▶ **Record excerpts**:
· · · ·
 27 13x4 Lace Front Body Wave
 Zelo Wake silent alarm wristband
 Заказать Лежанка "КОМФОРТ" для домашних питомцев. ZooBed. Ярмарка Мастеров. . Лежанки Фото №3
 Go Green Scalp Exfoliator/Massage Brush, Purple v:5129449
· · · ·
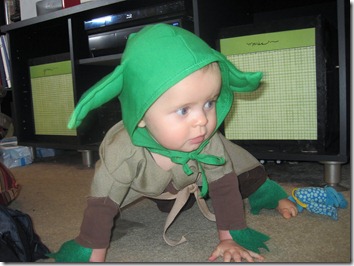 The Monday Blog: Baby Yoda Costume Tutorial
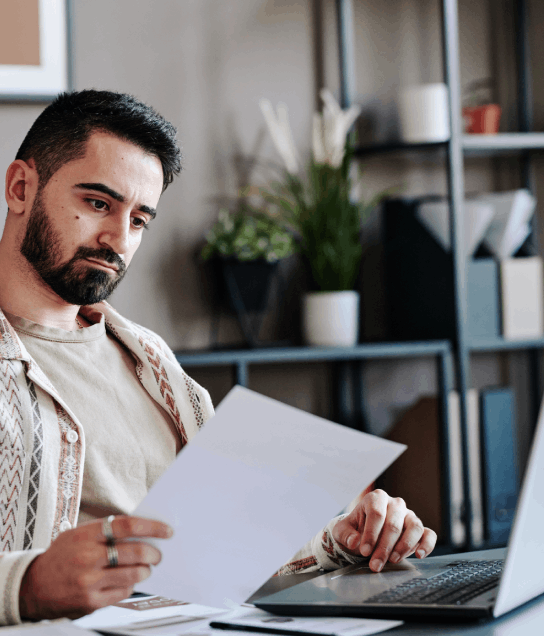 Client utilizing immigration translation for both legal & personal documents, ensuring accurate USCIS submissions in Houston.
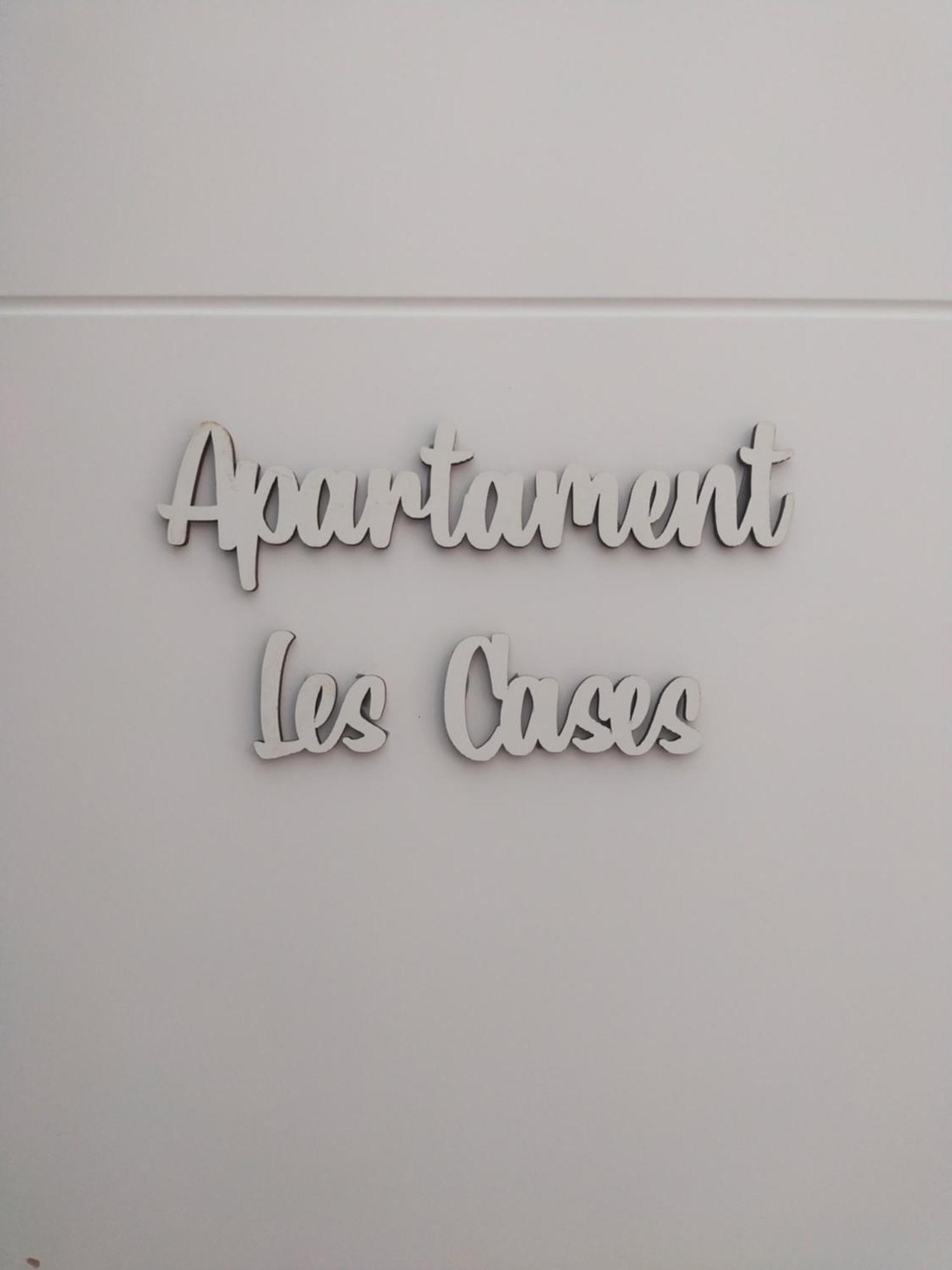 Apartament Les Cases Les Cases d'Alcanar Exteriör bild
· · · ·
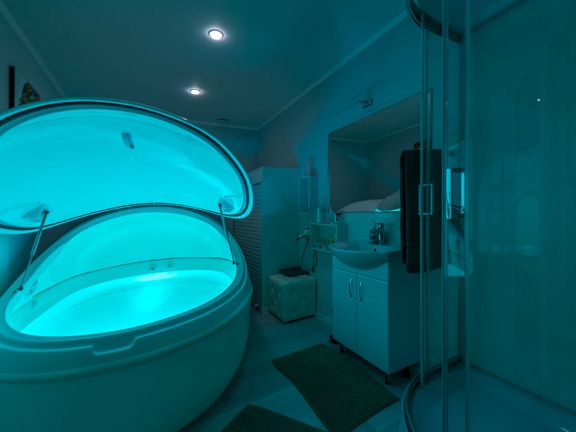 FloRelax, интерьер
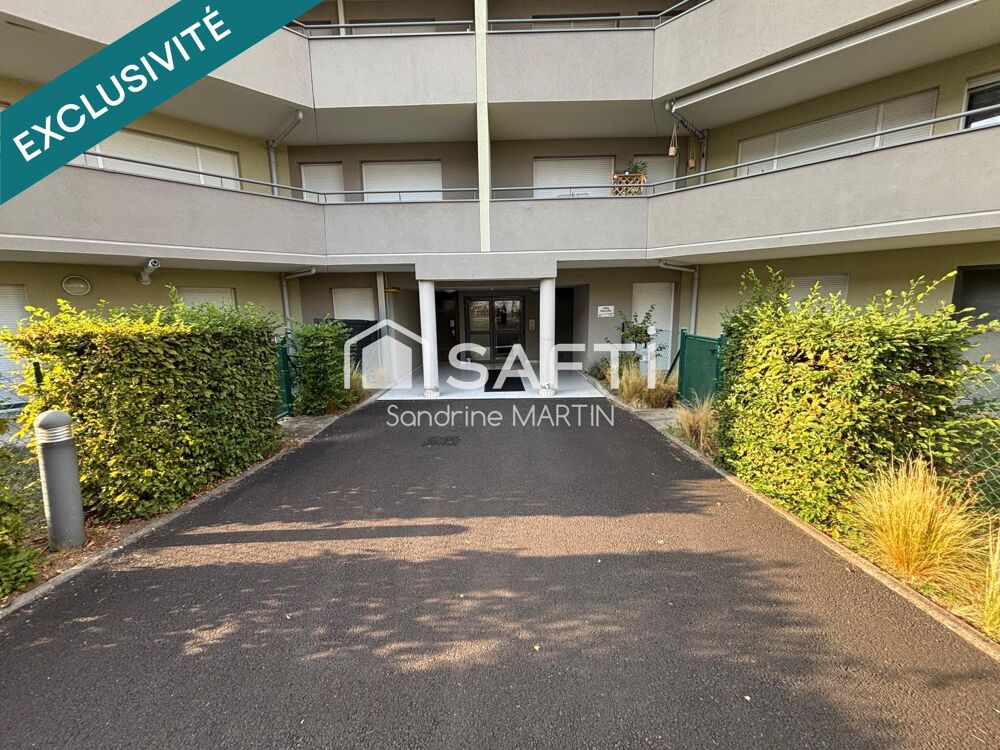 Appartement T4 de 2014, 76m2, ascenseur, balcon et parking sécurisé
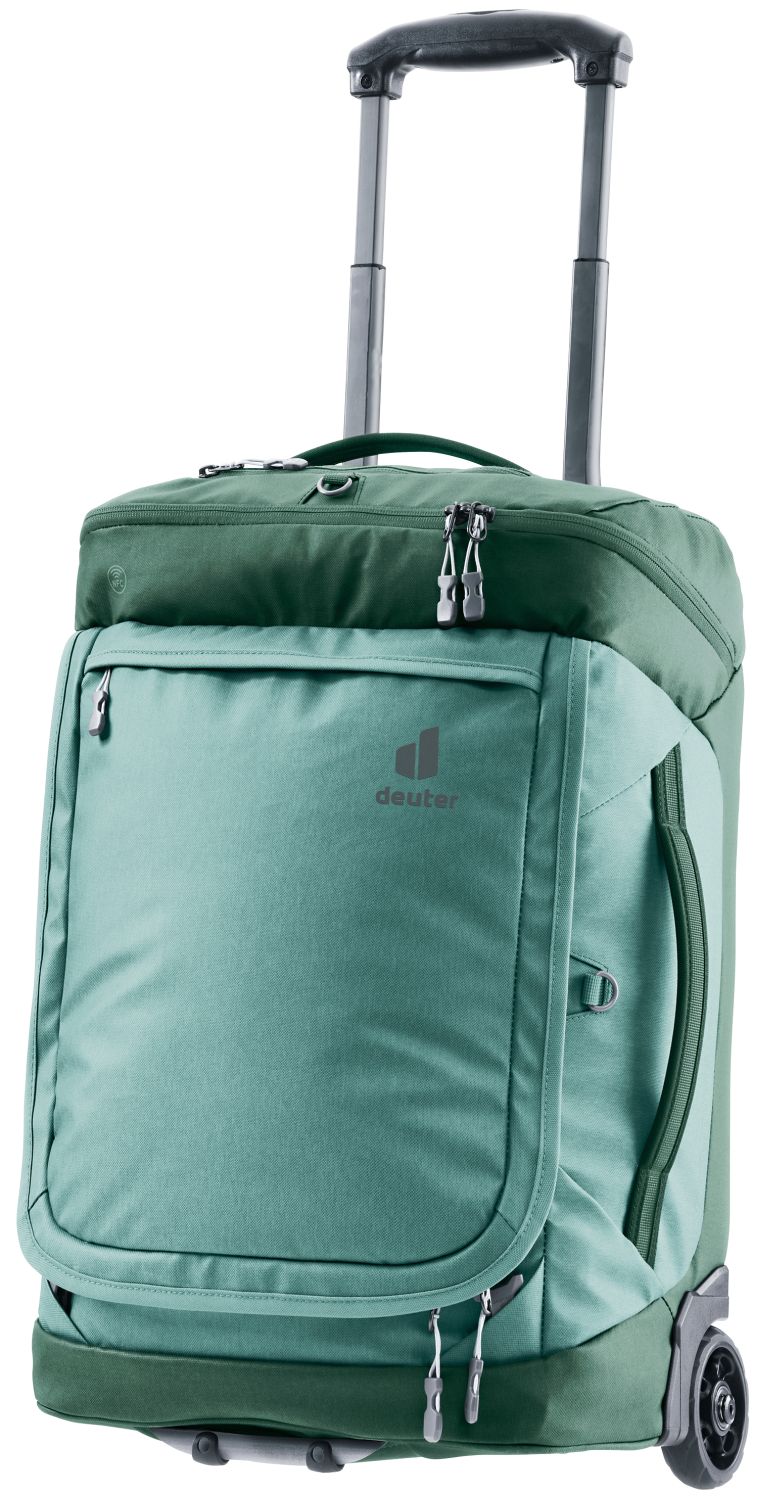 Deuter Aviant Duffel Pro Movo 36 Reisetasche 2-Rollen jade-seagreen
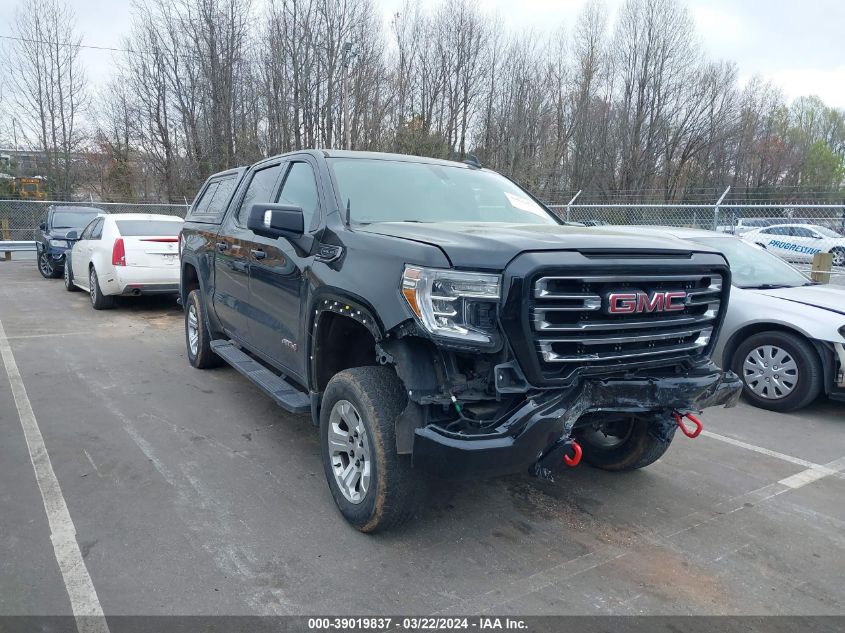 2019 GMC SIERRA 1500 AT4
· · · ·
▶ **Your goal**:
Using only the entries above, output the line with "Zelo Wake silent alarm wristband", the line with "Go Green Scalp", and all lines between them, exactly as they stand.

▶ **Result of the exercise**:
 Zelo Wake silent alarm wristband
 Заказать Лежанка "КОМФОРТ" для домашних питомцев. ZooBed. Ярмарка Мастеров. . Лежанки Фото №3
 Go Green Scalp Exfoliator/Massage Brush, Purple v:5129449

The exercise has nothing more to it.